Distelmaier Felix, Haack Tobias B, Catarino Claudia B, Gallenmüller Constanze, Rodenburg Richard J, Strom Tim M, Baertling Fabian, Meitinger Thomas, Mayatepek Ertan, Prokisch Holger, Klopstock Thomas
Department of General Pediatrics, Neonatology and Pediatric Cardiology, University Children's Hospital, Heinrich-Heine-University Düsseldorf, Moorenstr. 5, 40225, Düsseldorf, Germany.
Institute of Human Genetics, Technische Universität München, Trogerstr. 32, 81675, Munich, Germany.
Neurogenetics. 2015 Oct;16(4):319-23. doi: 10.1007/s10048-015-0444-2. Epub 2015 Mar 24.
Defects in mitochondrial translation may lead to combined respiratory chain deficiency and typically cause childhood-onset multisystem disease. Only recently, a homozygous missense mutation (c.467T > G, p.Leu156Arg) in MRPL44, encoding a protein of the large subunit of the mitochondrial ribosome, has been identified in two siblings with hypertrophic cardiomyopathy. Using exome sequencing, we identified two further unrelated patients harboring the previously reported mutation c.467T > G, p.Leu156Arg in MRPL44 in the homozygous state and compound heterozygous with a novel missense mutation c.233G > A, p.Arg78Gln, respectively. Both patients presented with childhood-onset hypertrophic cardiomyopathy, which seems to be the core clinical feature associated with MRPL44 deficiency.
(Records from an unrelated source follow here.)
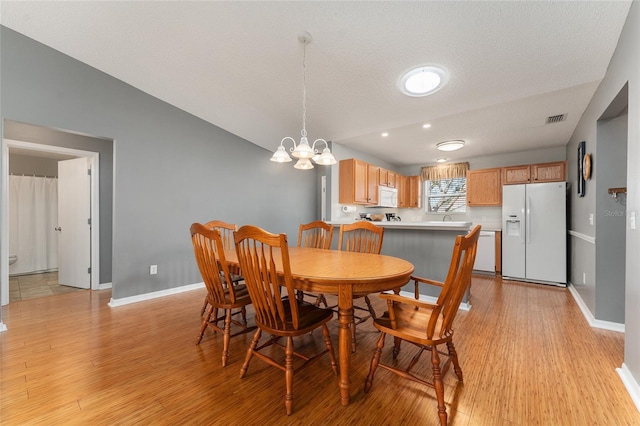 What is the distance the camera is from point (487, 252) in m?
4.82

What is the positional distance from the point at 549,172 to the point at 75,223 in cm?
771

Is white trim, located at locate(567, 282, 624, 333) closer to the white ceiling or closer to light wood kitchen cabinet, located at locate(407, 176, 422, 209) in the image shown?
the white ceiling

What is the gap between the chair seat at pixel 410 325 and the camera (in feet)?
4.63

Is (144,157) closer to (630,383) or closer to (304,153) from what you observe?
(304,153)

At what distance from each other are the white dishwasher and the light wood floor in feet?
6.73

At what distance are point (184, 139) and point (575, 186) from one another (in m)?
5.63

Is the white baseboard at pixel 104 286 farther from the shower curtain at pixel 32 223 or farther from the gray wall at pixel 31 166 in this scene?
the gray wall at pixel 31 166

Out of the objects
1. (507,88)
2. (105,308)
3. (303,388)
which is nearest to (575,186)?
(507,88)

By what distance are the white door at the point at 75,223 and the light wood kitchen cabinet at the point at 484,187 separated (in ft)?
21.6

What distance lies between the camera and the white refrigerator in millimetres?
4039

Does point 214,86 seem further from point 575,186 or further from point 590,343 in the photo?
point 575,186

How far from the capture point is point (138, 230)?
3.38 m

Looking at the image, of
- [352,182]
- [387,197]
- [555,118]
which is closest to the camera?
[555,118]

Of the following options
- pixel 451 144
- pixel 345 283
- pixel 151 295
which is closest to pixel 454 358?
pixel 345 283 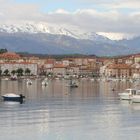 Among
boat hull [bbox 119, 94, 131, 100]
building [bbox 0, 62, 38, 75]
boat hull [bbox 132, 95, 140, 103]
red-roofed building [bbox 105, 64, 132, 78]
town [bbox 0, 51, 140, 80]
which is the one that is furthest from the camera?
building [bbox 0, 62, 38, 75]

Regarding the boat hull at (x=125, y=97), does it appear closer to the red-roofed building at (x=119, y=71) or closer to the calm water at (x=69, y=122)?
the calm water at (x=69, y=122)

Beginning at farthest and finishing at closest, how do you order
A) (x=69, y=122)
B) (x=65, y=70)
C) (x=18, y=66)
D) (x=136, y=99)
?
(x=65, y=70) → (x=18, y=66) → (x=136, y=99) → (x=69, y=122)

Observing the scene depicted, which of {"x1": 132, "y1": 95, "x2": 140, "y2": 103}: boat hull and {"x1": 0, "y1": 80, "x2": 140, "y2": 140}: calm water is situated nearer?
{"x1": 0, "y1": 80, "x2": 140, "y2": 140}: calm water

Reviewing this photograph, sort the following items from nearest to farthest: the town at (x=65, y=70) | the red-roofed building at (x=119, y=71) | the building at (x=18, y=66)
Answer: the town at (x=65, y=70)
the red-roofed building at (x=119, y=71)
the building at (x=18, y=66)

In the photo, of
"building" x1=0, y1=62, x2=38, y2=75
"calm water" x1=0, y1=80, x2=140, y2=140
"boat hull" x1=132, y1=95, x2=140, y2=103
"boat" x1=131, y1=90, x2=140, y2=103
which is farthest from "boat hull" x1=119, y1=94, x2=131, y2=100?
"building" x1=0, y1=62, x2=38, y2=75

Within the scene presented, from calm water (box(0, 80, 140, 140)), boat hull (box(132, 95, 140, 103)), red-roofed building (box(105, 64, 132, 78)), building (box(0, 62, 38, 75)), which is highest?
building (box(0, 62, 38, 75))

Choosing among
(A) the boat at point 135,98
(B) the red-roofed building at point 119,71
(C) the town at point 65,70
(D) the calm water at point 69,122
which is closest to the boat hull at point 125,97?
(A) the boat at point 135,98

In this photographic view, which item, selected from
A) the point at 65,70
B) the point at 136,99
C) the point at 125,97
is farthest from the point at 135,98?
the point at 65,70

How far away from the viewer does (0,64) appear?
17412 centimetres

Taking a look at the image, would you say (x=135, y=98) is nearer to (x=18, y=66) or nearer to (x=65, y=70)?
(x=18, y=66)

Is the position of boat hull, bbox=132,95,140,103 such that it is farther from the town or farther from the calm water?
the town

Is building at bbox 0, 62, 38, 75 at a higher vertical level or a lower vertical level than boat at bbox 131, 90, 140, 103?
higher

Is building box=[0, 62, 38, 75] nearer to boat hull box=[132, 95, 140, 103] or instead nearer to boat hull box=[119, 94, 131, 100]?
boat hull box=[119, 94, 131, 100]

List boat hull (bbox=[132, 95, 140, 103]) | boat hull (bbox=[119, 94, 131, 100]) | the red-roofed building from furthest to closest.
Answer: the red-roofed building, boat hull (bbox=[119, 94, 131, 100]), boat hull (bbox=[132, 95, 140, 103]) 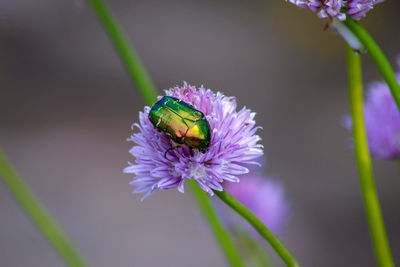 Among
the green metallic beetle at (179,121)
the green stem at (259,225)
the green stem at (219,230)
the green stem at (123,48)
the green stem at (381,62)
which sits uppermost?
the green stem at (123,48)

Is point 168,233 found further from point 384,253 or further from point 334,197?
point 384,253

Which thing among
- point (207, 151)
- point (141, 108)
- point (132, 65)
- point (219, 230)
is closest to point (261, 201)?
point (219, 230)

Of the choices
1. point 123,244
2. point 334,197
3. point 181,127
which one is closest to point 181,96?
point 181,127

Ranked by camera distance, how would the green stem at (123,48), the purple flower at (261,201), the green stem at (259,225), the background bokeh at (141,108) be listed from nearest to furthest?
the green stem at (259,225) → the green stem at (123,48) → the purple flower at (261,201) → the background bokeh at (141,108)

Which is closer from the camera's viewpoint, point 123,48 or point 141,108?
point 123,48

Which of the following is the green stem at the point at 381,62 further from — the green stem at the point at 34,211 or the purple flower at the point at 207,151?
the green stem at the point at 34,211

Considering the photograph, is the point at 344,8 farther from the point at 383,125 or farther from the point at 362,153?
the point at 383,125

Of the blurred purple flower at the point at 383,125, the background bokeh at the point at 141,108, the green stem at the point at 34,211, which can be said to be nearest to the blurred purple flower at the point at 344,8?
the blurred purple flower at the point at 383,125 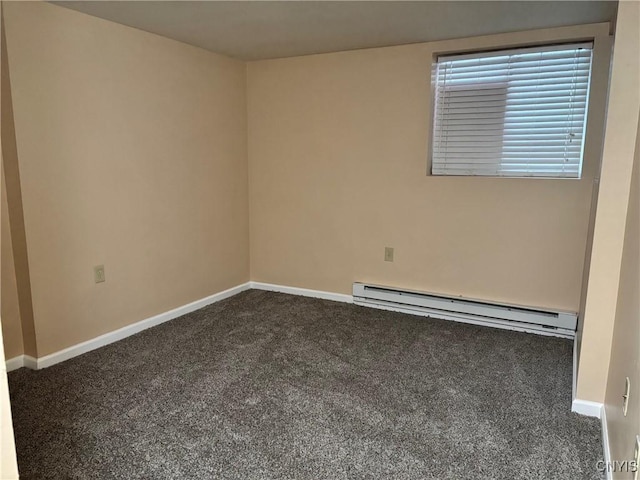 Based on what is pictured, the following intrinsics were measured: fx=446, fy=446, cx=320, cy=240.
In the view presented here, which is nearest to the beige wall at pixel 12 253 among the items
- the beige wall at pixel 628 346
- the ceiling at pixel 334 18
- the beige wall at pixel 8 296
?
the beige wall at pixel 8 296

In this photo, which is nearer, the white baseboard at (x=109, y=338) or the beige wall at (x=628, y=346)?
the beige wall at (x=628, y=346)

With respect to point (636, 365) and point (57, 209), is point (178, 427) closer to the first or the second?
point (57, 209)

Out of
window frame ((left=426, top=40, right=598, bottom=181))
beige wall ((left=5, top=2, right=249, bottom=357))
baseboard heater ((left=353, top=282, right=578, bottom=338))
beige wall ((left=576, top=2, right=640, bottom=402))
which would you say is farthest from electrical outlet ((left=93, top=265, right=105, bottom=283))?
beige wall ((left=576, top=2, right=640, bottom=402))

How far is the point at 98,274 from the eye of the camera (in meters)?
2.89

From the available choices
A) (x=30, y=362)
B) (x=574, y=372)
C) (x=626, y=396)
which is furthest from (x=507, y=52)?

However, we observed several additional clinical signs and symptoms including pigmentary retinopathy, hemiplegic migraine, Leigh-like lesions on brain MRI, renal insufficiency, and hepatopathy. Our findings expand the clinical spectrum associated with MRPL44 mutations and indicate that MRPL44-associated mitochondrial dysfunction can also manifest as a progressive multisystem disease with central nervous system involvement. Of note, neurological and neuro-ophthalmological impairment seems to be a disease feature of the second and third decades of life, which should be taken into account in patient management and counseling.
线粒体翻译缺陷可能导致联合呼吸链缺乏,通常会引发儿童期起病的多系统疾病。直到最近,在两名患有肥厚型心肌病的 siblings 中,才鉴定出编码线粒体核糖体大亚基蛋白质的 MRPL44 基因中的纯合错义突变(c.467T>G,p.Leu156Arg)。通过外显子组测序,我们又鉴定出另外两名不相关的患者,分别在纯合状态下携带先前报道的 MRPL44 基因中的 c.467T>G,p.Leu156Arg 突变,以及与一个新的错义突变 c.233G>A,p.Arg78Gln 构成的复合杂合突变。两名患者均表现为儿童期起病的肥厚型心肌病,这似乎是与 MRPL44 缺乏相关的核心临床特征。然而,我们观察到了一些额外的临床体征和症状,包括色素性视网膜病变、偏瘫性偏头痛、脑部 MRI 上类似 Leigh 病的病变、肾功能不全和肝病。我们的研究结果扩展了与 MRPL44 突变相关的临床谱,并表明 MRPL44 相关的线粒体功能障碍也可表现为累及中枢神经系统的进行性多系统疾病。值得注意的是,神经和神经眼科损害似乎是第二和第三个十年的疾病特征,在患者管理和咨询中应予以考虑。